[Crawled caption data]
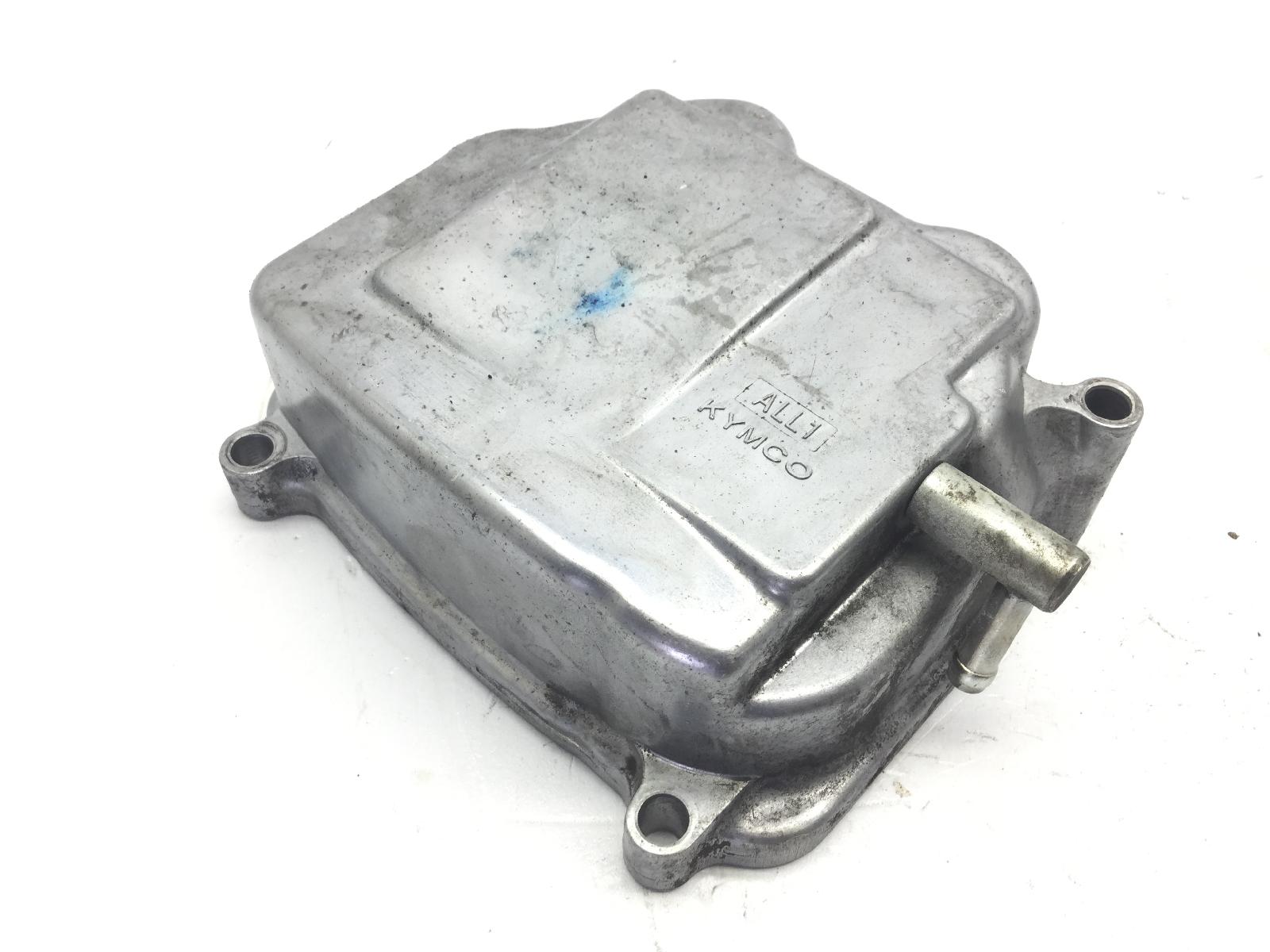 Kymco people one i 125 coperchio testa testata head 2013 2013 d40000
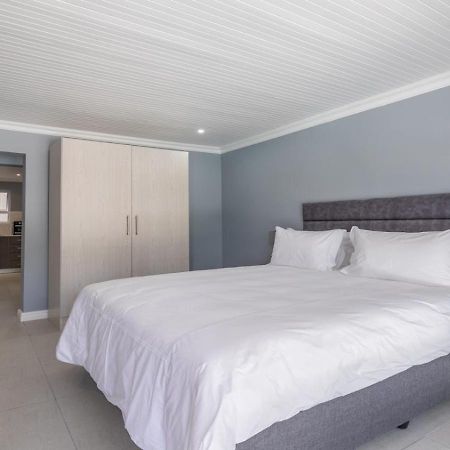Inkantu Self-Catering Apartments Fokváros Kültér fotó
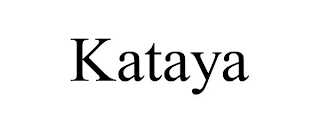 KATAYA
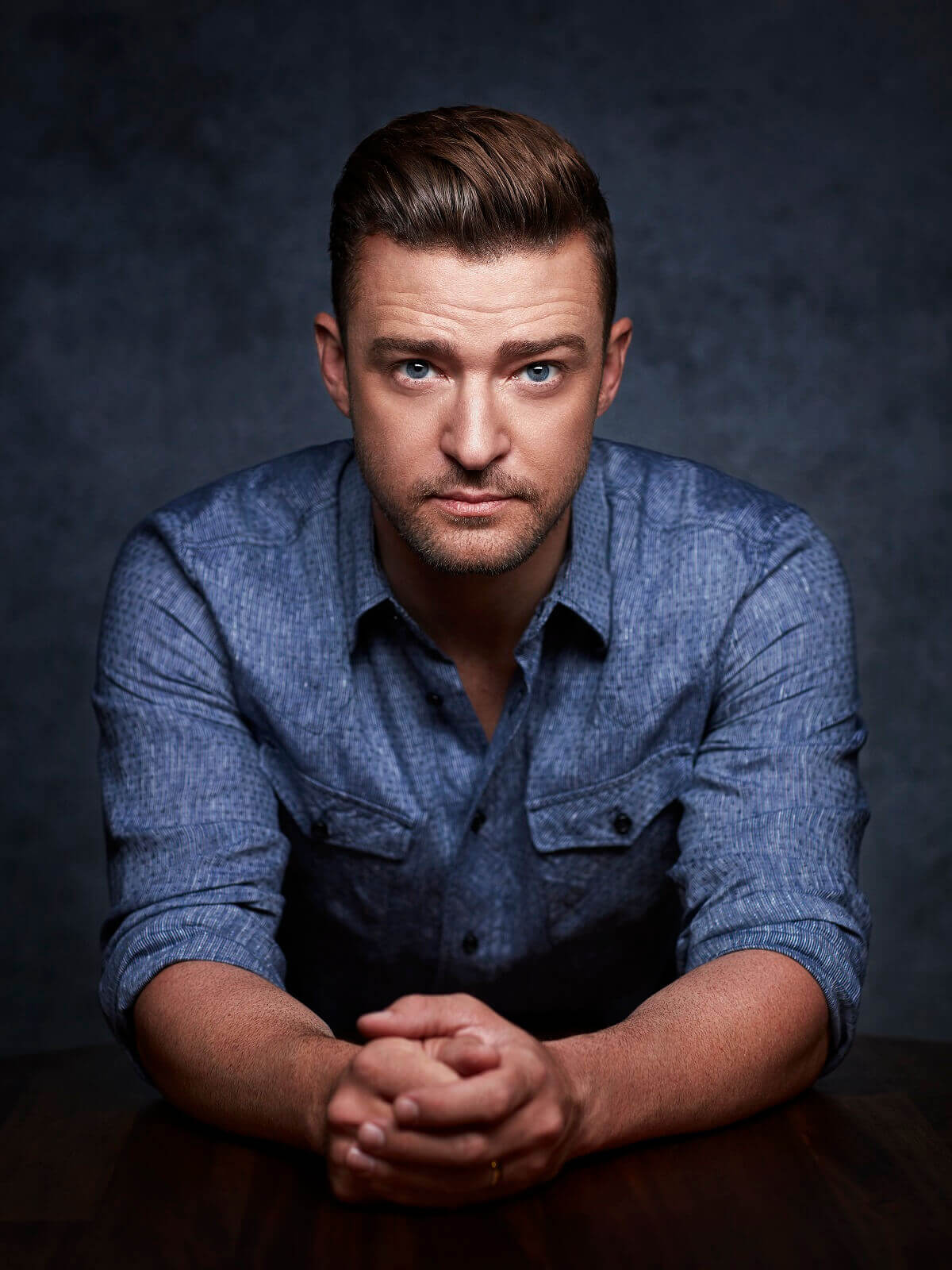 Justin Timberlake's 'Palmer' Snagged by Apple TV+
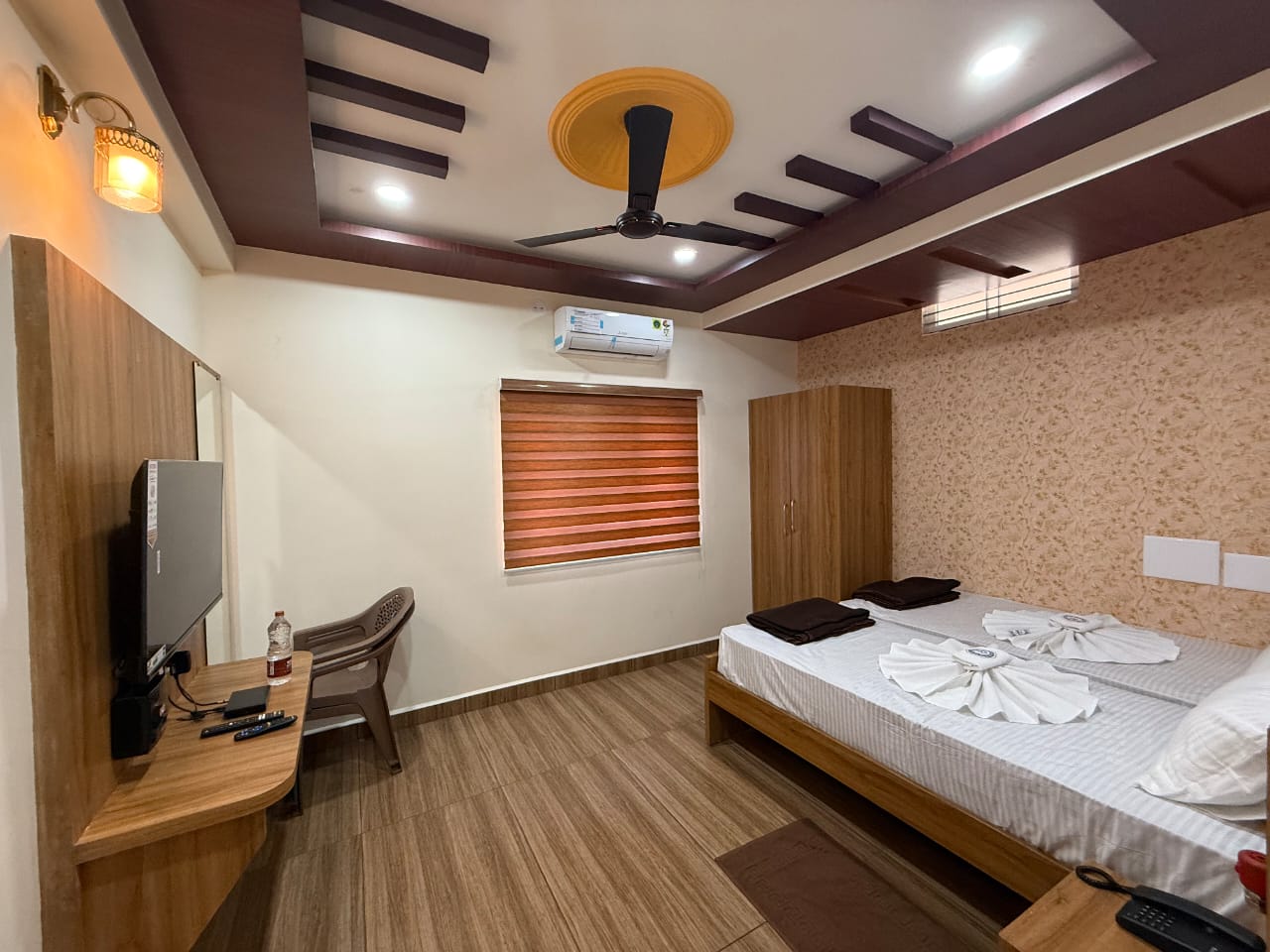 Best lodge in Dharwad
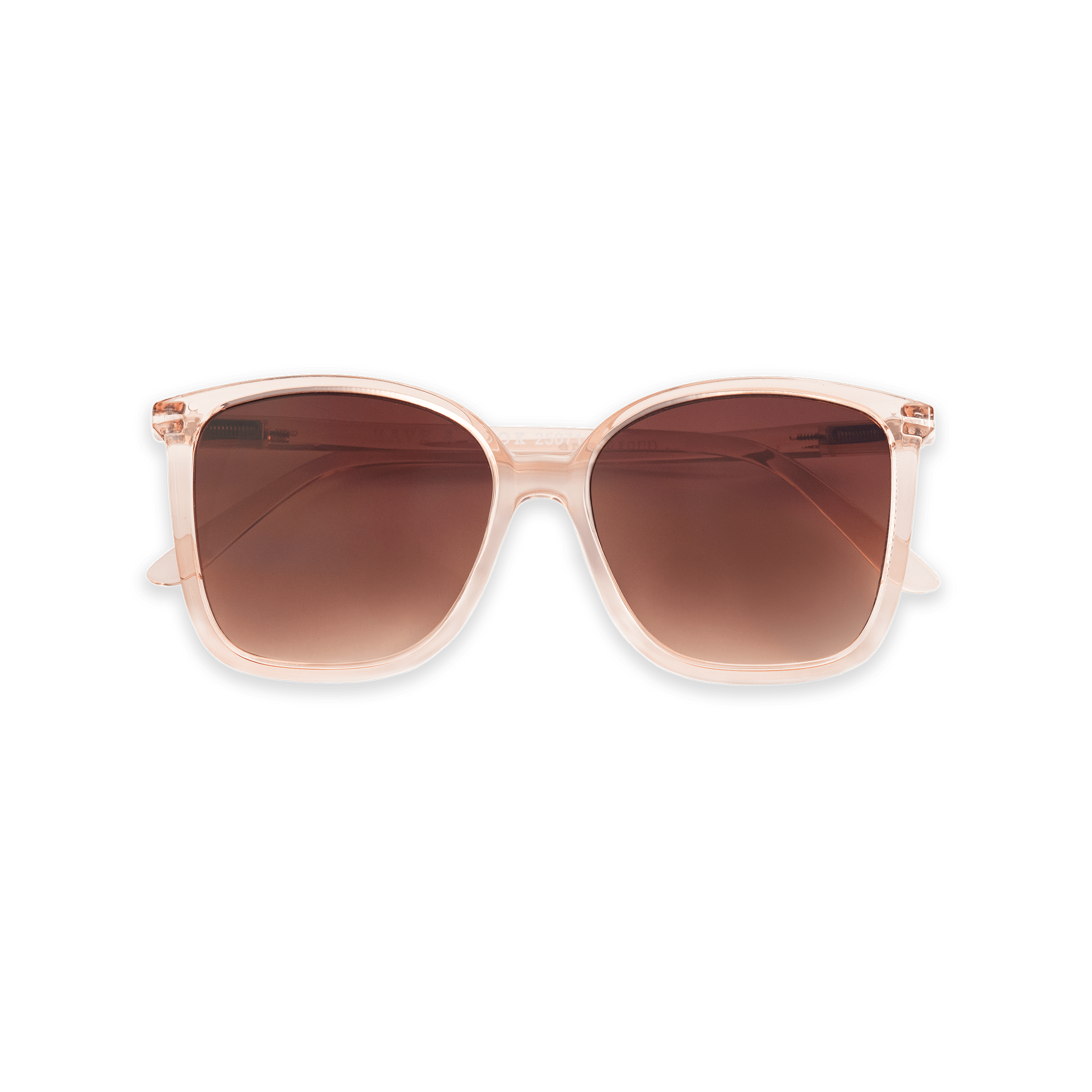 Sonnenbrillen Nymph - rosé
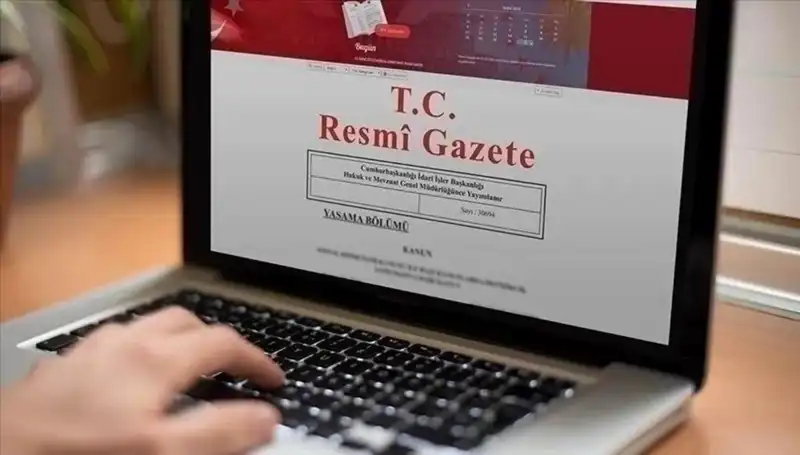 26 Temmuz 2025 Resmi Gazete Kararları: Türkiye'de Yeni Düzenlemeler Hayata Geçiyor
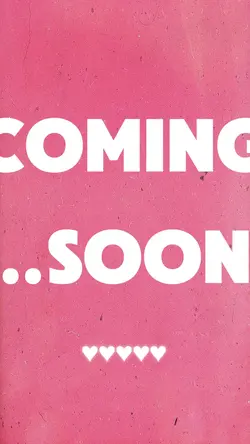 Coming soon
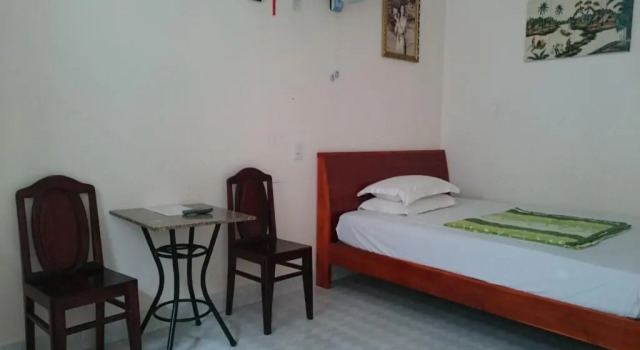 247C/A Guest House, Забронировать Отель Муйне Биньтхуан, рядом с Сеть ресторанов Bo Ke в городе Муйне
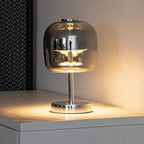 OpalEdge Table Lamp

**WHAT IS EXPECTED**
Write out the records above in full and exactly, with no pictures.

**SOLUTION FOR THIS TASK**
 Kymco people one i 125 coperchio testa testata head 2013 2013 d40000
Inkantu Self-Catering Apartments Fokváros Kültér fotó
 KATAYA
 Justin Timberlake's 'Palmer' Snagged by Apple TV+
 Best lodge in Dharwad
 Sonnenbrillen Nymph - rosé
 26 Temmuz 2025 Resmi Gazete Kararları: Türkiye'de Yeni Düzenlemeler Hayata Geçiyor
 Coming soon
 247C/A Guest House, Забронировать Отель Муйне Биньтхуан, рядом с Сеть ресторанов Bo Ke в городе Муйне
 OpalEdge Table Lamp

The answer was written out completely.